Short item
A couple of years ago, a friend sent this link (here) to an artsy little flick on an old man living in the California mountains. He was ninety-three; still making violin bows, with gout-knobbled fingers; and chopping wood for his stove. The cabin itself, which he and his adoptive son had built many decades before, was itself a craftsmanlike beauty. The man, Jack English, was the surviving half of one of those immortal love stories, his wife’s ashes still with him, waiting to be mixed with his own. In the film, he explains that he doesn’t want to be in any “convalescent home.” He was lonely, but people did come to visit, and he liked people, though not in swarms. Well, all that’s in the film, I think; perhaps I should have checked, before writing this.

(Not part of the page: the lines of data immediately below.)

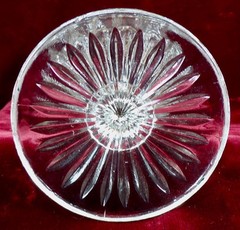 EAPG Goblet Cube Block Knob Stem Rayed Base Clear Glass 1870s #168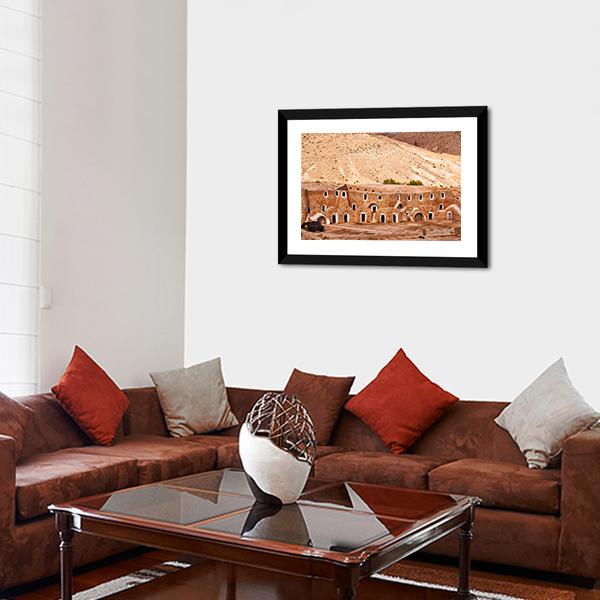Berber Dwelling Matmata Canvas Wall Art-3 Horizontal-Gallery Wrap-25" x 16"-Tiaracle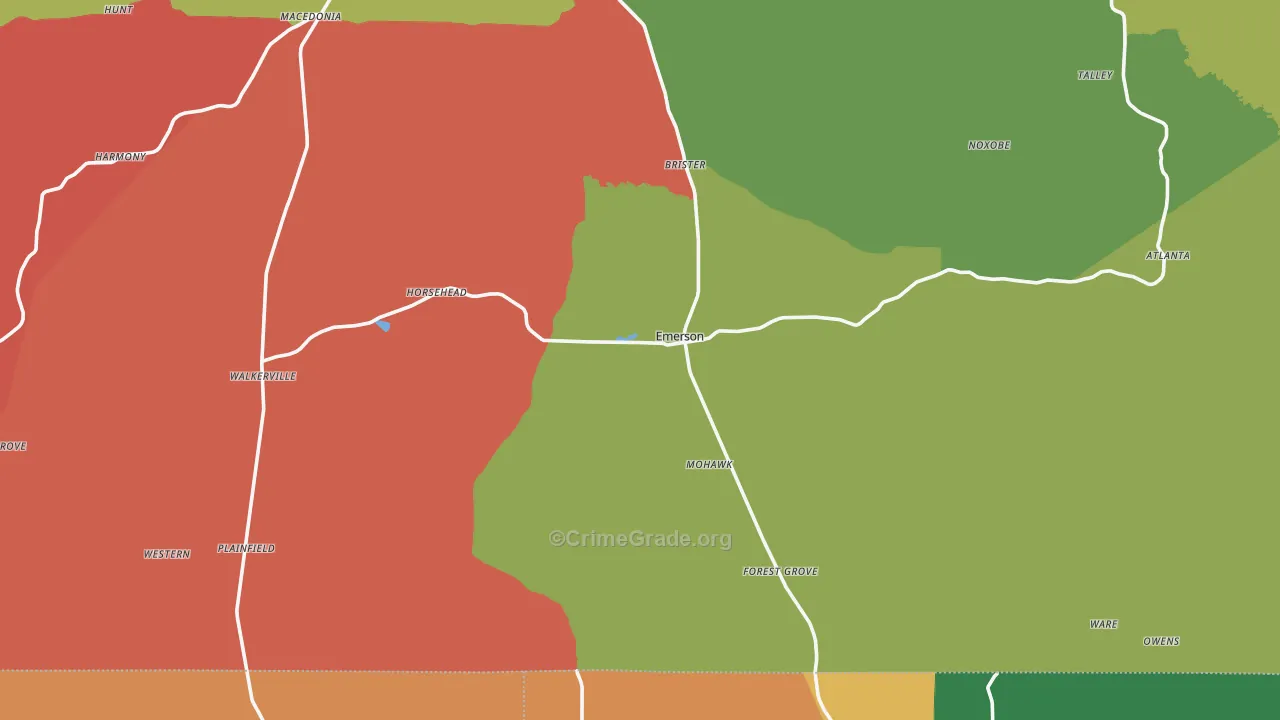Emerson, AR Map of Robbery Rates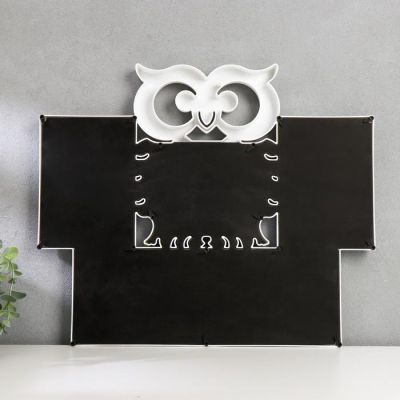 Фоторамка пластик на 5 фото 10х15 см, 12х12 см "Филин" белая 44,5х38 см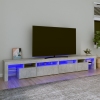 vidaXL Mueble de TV con luces LED gris hormigón 260x36,5x40 cm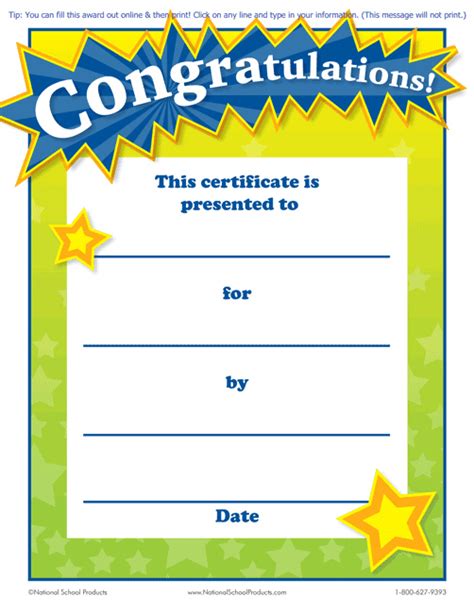 Printable Congratulations Award For Teachers Free Within Awesome Star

Gentle reader may agree that the man was memorable, however. His voice was unforgettable, too. Suddenly remembered his name today, and Google-searched my way to his obituary. He made it to ninety-six; died last March.
A long day, today. Once again, the Sikorsky helicopter did not arrive, to lift the High Doganate out of this apartment building, and set it down in a remote location. Just as well, I suppose, because I still haven’t figured how to unbolt it from the structure it is in. And you don’t want to keep helicopter pilots waiting: they charge a fortune. Maybe I’ll get that together next week.
The voice, the face: time to watch it again. I can remember old men like that, from childhood. Not so many since. But some day there’ll be more.